A mysterious French nobleman arrives at Ekaterina Tuomonova's gallery in Chelsea, London, in search of an expert in early 20th century Post Impressionist art. Olivier de la Salle proposes a visit to his château in Provence, in the South of France, where he needs help in identifying paintings long forgotten in the recesses of his château.
The story explores the world of art and art dealers with their immensely rich clients, collectors and oligarchs, crooks and forgers, auction houses and museums, and the vast sums of money that art generates today.
We’ve probably met before, I told you my story of meeting Ekaterina at the Pushkin. That’s right I’m John Francis. Our family has grown, Alena now has a brother, William, named after my father, Will has two middle names, Wassily after Ekaterina’s father, and Viktor after Alena’s father.

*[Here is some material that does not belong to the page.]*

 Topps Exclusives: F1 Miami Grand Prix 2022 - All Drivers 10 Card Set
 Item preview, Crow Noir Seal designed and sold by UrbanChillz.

He’s just six months old and his nurse. Deidre, a young live-in London-Irish girl, cares for him weekdays and weekends when necessary. I have to admit that whilst I’m filled with pride at being a father I’m a bit puzzled by babies, I wasn’t prepared for him, I mean he came so very late in my life.
Alena is a wonderful presence, she’s now ten years old and seems to spend her life dancing and doing cartwheels. I had never imaged what a joy it could be to watch a child growing up, full of the exuberance of life, sure of herself, at the same time aware of who was watching and playing to her audience.
She now spoke near perfect English with from time to time a fault in pronunciation, or a Russian word creeping into her speech. At school she excels in dance and music.
Ekaterina is now absorbed by her family and the gallery and at moments I feel a little lost in this strange environment of managing a home and business.
The foundation runs itself, I am a figurehead so to speak, a fairly busy one. I suppose it’s better than being just a decoration.
That said, it would be one of those weekends when I was an accessory. There was the exhibition about to be held at our Tuomanova Gallery, that’s situated close to Chelsea Harbour, which would occupy Ekaterina full time. Alena had an astonishingly full programme of activities, that left William and myself at home. There wasn’t very much I could do with William, I mean it wasn’t as if I could play with a six month old baby.
It was late Thursday afternoon and the gallery was about to close. I had passed by to take a look at the final preparations for Ekaterina’s exhibition ‘New Names’. She was presenting, in partnership with a Moscow gallery, a new generation of Russian painters, including one whose paintings I liked very much, Sergei Nekrasov, a young painter from the Chelyabinsk region.
We were expecting a lot of expat Russians, including a few big names, at the invitation only vernissage on Friday evening, along with a crowd of art world and showbiz personalities with a number of well-known collectors and of course the press and paparazzi on the lookout for a celebrity scoop.
It was looking good, especially after a stressful ten days when several of the exhibits had gotten caught up in customs formalities at Heathrow.
I was admiring one painting I liked of a young red-headed girl when Jessica, one of Ekaterina’s assistants, caught my eye and made a discreet sign, beckoning me over to a corner.